▸ What the task asks: Give again, word for word, each line below starting at the one that contains "長野県佐久市鳴瀬1195周辺の地図" and ending at the one that contains "Vincent Van Gogh : Reaper II".

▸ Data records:
________________________________________

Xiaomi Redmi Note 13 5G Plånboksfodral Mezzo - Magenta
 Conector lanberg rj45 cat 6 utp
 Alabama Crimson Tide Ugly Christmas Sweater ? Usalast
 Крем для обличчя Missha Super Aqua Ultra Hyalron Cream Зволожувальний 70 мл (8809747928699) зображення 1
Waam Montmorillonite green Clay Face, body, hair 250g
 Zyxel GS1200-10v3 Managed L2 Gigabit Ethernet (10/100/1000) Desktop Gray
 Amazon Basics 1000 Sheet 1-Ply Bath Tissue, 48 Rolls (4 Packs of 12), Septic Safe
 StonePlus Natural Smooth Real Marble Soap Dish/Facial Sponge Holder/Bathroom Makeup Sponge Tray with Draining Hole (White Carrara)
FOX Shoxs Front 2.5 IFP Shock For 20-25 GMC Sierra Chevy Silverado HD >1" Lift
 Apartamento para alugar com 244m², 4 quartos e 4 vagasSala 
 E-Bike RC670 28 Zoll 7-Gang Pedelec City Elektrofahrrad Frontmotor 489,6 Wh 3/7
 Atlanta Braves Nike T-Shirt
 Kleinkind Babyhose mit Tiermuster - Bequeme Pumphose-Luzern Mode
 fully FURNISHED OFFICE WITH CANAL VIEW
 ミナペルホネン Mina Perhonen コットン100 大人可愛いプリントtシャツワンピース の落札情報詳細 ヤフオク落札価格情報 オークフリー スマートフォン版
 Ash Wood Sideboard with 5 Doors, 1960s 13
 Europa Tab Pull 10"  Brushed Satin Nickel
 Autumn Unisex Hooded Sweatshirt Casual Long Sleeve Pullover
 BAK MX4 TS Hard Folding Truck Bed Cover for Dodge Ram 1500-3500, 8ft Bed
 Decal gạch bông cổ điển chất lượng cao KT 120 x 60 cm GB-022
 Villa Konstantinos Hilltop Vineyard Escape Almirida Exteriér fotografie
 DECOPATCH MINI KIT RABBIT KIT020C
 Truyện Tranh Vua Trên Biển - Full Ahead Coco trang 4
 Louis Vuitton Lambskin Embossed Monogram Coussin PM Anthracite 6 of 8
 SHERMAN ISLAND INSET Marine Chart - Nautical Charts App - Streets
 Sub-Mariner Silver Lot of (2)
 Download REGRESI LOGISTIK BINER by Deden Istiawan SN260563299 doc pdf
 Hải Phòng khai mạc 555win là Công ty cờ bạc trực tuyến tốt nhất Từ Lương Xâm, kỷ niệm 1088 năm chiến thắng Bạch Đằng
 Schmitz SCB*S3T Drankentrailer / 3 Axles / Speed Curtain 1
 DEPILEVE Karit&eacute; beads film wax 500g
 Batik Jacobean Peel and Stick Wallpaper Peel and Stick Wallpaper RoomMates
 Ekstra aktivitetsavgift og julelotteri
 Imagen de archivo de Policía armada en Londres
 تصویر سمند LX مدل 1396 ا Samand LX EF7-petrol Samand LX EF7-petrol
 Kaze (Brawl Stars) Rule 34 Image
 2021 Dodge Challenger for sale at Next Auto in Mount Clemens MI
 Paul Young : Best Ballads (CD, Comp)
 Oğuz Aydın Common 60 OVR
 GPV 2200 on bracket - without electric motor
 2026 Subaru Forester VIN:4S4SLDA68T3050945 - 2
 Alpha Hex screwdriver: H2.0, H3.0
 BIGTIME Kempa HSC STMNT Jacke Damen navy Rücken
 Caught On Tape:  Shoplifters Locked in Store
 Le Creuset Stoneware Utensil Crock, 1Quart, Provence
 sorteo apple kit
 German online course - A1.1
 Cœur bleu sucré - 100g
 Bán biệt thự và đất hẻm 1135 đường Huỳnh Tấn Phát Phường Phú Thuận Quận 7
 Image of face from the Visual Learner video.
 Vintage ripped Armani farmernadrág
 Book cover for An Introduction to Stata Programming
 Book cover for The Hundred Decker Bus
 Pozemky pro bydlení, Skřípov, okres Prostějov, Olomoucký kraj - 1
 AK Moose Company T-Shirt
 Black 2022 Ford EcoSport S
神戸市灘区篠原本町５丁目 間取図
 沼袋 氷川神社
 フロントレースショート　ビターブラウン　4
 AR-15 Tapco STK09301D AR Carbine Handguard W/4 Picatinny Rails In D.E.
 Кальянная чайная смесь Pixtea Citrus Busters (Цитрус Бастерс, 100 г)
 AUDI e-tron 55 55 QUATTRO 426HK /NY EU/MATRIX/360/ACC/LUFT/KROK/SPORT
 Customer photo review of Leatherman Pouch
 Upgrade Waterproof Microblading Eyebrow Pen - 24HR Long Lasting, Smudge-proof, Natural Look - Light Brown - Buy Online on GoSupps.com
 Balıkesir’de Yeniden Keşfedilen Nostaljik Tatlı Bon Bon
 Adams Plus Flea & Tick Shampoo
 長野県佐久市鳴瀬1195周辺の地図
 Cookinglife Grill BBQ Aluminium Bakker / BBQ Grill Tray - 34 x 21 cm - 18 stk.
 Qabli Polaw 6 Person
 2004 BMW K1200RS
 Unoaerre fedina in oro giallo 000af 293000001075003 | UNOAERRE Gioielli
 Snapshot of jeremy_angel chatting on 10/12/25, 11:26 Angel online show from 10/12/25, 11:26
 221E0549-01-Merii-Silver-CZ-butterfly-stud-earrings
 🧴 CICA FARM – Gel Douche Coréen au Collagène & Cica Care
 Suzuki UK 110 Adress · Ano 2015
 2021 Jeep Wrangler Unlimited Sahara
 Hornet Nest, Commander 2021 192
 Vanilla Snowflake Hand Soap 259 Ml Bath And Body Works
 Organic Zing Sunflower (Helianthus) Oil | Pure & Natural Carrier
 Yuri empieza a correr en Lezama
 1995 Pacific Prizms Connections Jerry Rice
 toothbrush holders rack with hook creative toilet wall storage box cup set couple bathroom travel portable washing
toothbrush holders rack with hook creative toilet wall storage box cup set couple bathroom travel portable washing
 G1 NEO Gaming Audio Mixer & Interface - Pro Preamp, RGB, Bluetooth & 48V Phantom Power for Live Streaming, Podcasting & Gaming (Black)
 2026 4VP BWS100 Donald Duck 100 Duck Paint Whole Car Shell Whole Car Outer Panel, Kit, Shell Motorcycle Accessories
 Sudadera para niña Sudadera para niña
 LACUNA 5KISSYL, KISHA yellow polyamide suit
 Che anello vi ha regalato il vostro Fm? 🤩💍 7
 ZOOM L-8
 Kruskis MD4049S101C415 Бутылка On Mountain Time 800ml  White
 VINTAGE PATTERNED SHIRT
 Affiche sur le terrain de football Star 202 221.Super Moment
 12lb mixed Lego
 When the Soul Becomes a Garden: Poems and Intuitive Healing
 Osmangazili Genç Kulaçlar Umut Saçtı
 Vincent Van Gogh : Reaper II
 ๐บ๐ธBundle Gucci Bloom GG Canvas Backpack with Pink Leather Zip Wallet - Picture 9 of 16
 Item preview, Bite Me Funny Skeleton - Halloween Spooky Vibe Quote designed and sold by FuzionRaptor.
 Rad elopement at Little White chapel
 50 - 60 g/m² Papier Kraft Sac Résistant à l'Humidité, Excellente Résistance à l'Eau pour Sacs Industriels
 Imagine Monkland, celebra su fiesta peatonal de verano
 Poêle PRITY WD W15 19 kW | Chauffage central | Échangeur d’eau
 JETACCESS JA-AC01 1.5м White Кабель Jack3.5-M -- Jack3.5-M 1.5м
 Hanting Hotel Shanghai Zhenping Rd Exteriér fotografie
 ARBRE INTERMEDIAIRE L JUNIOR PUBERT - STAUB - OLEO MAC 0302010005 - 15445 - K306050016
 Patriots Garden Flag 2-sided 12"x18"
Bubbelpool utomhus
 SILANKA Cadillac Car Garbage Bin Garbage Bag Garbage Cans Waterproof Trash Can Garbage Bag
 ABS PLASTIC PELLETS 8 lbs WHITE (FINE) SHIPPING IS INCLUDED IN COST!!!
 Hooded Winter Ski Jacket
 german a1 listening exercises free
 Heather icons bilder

________________________________________

▸ Exercise solution:
 長野県佐久市鳴瀬1195周辺の地図
 Cookinglife Grill BBQ Aluminium Bakker / BBQ Grill Tray - 34 x 21 cm - 18 stk.
 Qabli Polaw 6 Person
 2004 BMW K1200RS
 Unoaerre fedina in oro giallo 000af 293000001075003 | UNOAERRE Gioielli
 Snapshot of jeremy_angel chatting on 10/12/25, 11:26 Angel online show from 10/12/25, 11:26
 221E0549-01-Merii-Silver-CZ-butterfly-stud-earrings
 🧴 CICA FARM – Gel Douche Coréen au Collagène & Cica Care
 Suzuki UK 110 Adress · Ano 2015
 2021 Jeep Wrangler Unlimited Sahara
 Hornet Nest, Commander 2021 192
 Vanilla Snowflake Hand Soap 259 Ml Bath And Body Works
 Organic Zing Sunflower (Helianthus) Oil | Pure & Natural Carrier
 Yuri empieza a correr en Lezama
 1995 Pacific Prizms Connections Jerry Rice
 toothbrush holders rack with hook creative toilet wall storage box cup set couple bathroom travel portable washing
toothbrush holders rack with hook creative toilet wall storage box cup set couple bathroom travel portable washing
 G1 NEO Gaming Audio Mixer & Interface - Pro Preamp, RGB, Bluetooth & 48V Phantom Power for Live Streaming, Podcasting & Gaming (Black)
 2026 4VP BWS100 Donald Duck 100 Duck Paint Whole Car Shell Whole Car Outer Panel, Kit, Shell Motorcycle Accessories
 Sudadera para niña Sudadera para niña
 LACUNA 5KISSYL, KISHA yellow polyamide suit
 Che anello vi ha regalato il vostro Fm? 🤩💍 7
 ZOOM L-8
 Kruskis MD4049S101C415 Бутылка On Mountain Time 800ml  White
 VINTAGE PATTERNED SHIRT
 Affiche sur le terrain de football Star 202 221.Super Moment
 12lb mixed Lego
 When the Soul Becomes a Garden: Poems and Intuitive Healing
 Osmangazili Genç Kulaçlar Umut Saçtı
 Vincent Van Gogh : Reaper II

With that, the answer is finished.